3. In the event that any party or counsel for any party obtains a copy of the unredacted transcript prematurely, the party or counsel will immediately deliver it to counsel for First Owners’ Association without reading it.

4. The clerk will remove the restriction on access to the originally filed transcript after the case is closed and when no further appeals can be filed and no appeals are pending.

[1] Mr. Harvey represented FOA during the period when the settlement agreement was negotiated and presented to the court, a period when Mr. Dingman was not representing FOA. The Board that retained Mr. Harvey consisted of three Gordon Properties-affiliated directors. Mr. Harvey’s employment ended after the settlement was not approved and when Mr. Dingman was re-employed. The latter actions was taken by a different Board.

[2] Mr. Donelan subsequently filed a motion to withdraw.

[3] A transcript of the ex parte hearing can be ordered, however, if ordered it will be filed under seal so that FOA may seek redaction of any portion that could impair its negotiations with Gordon Properties. The transcript will be available to the public after FOA has sought its redactions. At the conclusion of the case, unless good cause is shown, the entire transcript — without redactions — will be available to the public.

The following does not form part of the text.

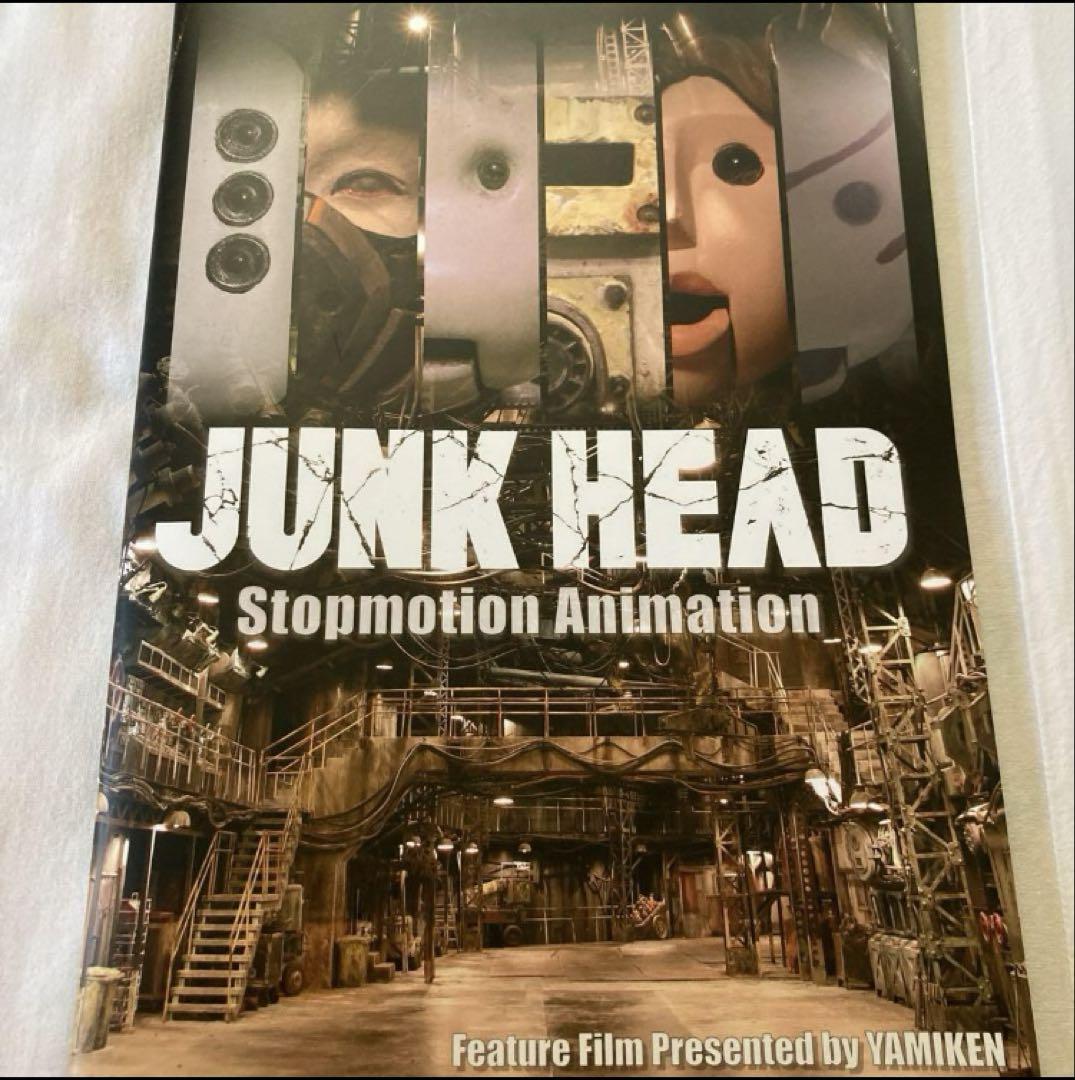 JUNK HEAD 映画 パンフレット JUNK WORLD - メルカリ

[4] It is difficult to determine the effect of Gordon Properties’ votes for the four directors on their election. Mr. Reichenbach testified that he believed that the top three vote getters — Mr. Wolstoncroft, Mr. Fochtman and himself — would likely have been elected even without the Gordon Properties’ votes. It appears to be a reasonable conclusion. Another way to measure the impact of Gordon Properties’ votes is to determine who would have been elected had Gordon Properties not voted, an analysis that itself suggests that there was some impropriety in Gordon Properties voting at all. Neither this analysis nor Mr. Reichenbach’s conclusion can be fully tested without knowing the vote tallies of all the candidates. The vote tallies were not available to the court at the hearing.

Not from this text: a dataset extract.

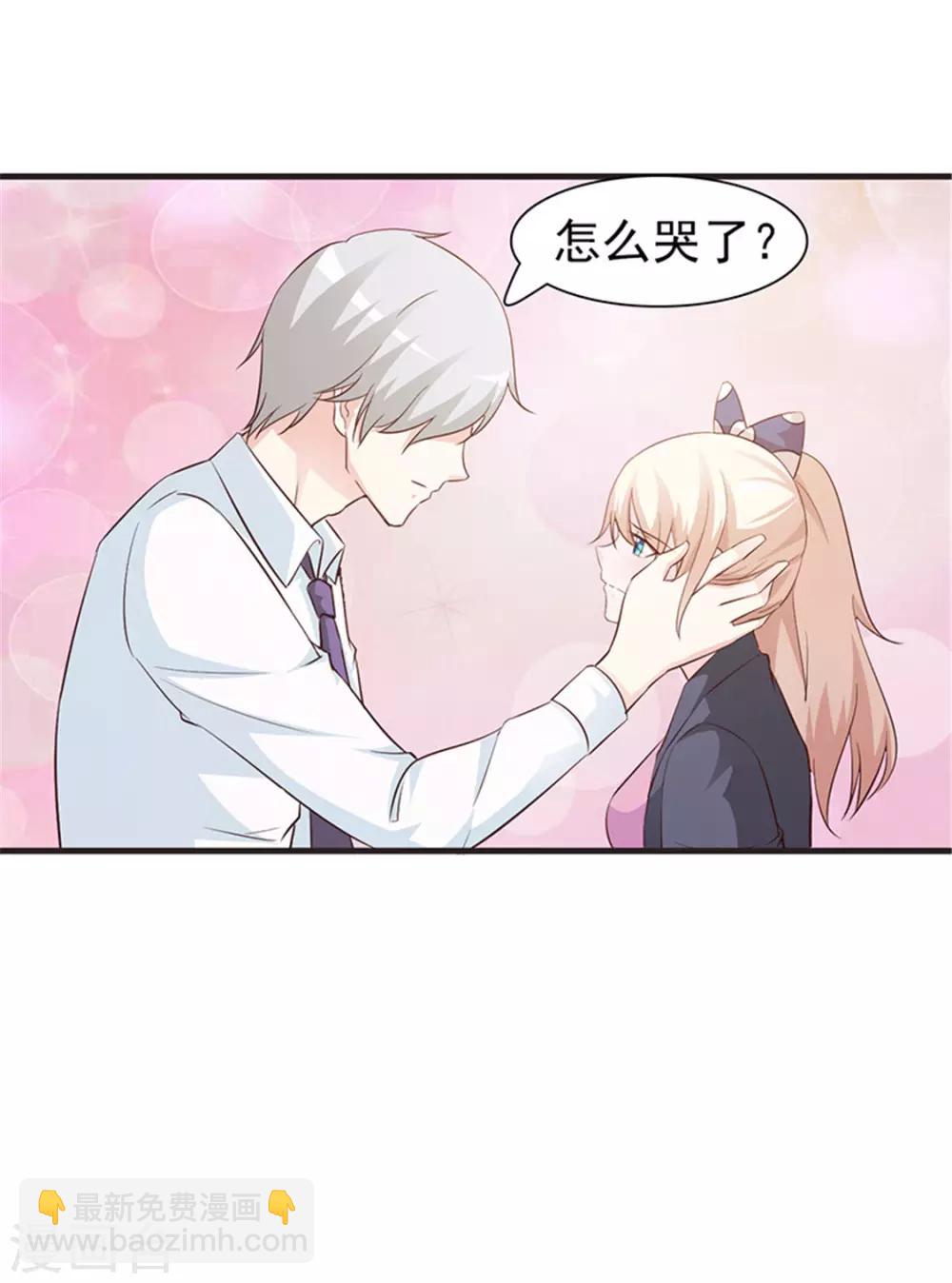 第54话 我喜欢你-第54话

[5] They questioned the benefit to the association of spending millions on legal fees in an effort to recover hundreds of thousands of dollars. They felt that the cost of the ongoing litigation had caused hardship throughout the building. Mr. Fochtman stated that he thought FOA’s attorney’s fees from the beginning of the litigation with Gordon Properties and Condominium Services — which began in the state courts years before the commencement of the bankruptcy cases — was more than $4 million. He stated that for the first two years he was not aware of the bankruptcy litigation and that there was little impact on the condominium fees because the attorney’s fees were paid from the condominium reserve funds. When reserve funds were no longer available, condominium fees went up significantly. In his case, the condominium fee on his one-bedroom unit went up about $200 a month. While he could not allocate that between attorney’s fees and other cost increases, he believed a significant portion was to fund attorney’s fees. Some members, he felt, sold their units because the condominium fees were pressing their personal budgets. In addition, the funds available to operate the condominium were reduced to pay attorney’s fees.

[6] Ms. Quelch did not mention Mr. Dingman’s involvement in Sobel v. Sells (In re Gordon Properties), 505 B.R. 703 (Bankr.E.D.Va. 2013) in which Mr. Dingman and his firm were disqualified as counsel for 11 unit owners who sued FOA, Gordon Properties and others. The suit was filed shortly after Gordon Properties reached a settlement with FOA which the plaintiffs opposed. The suit — removed to this court — endeavored to defeat the settlement by asserting, among other reasons, that the Board was improperly constituted, the Special Litigation Committee was improperly formed and the settlement agreement was not properly entered into by FOA. Mr. Harvey successfully prosecuted the disqualification motion on behalf of FOA in that case. Reed Smith represented the plaintiffs pro bono. Id. at n.2.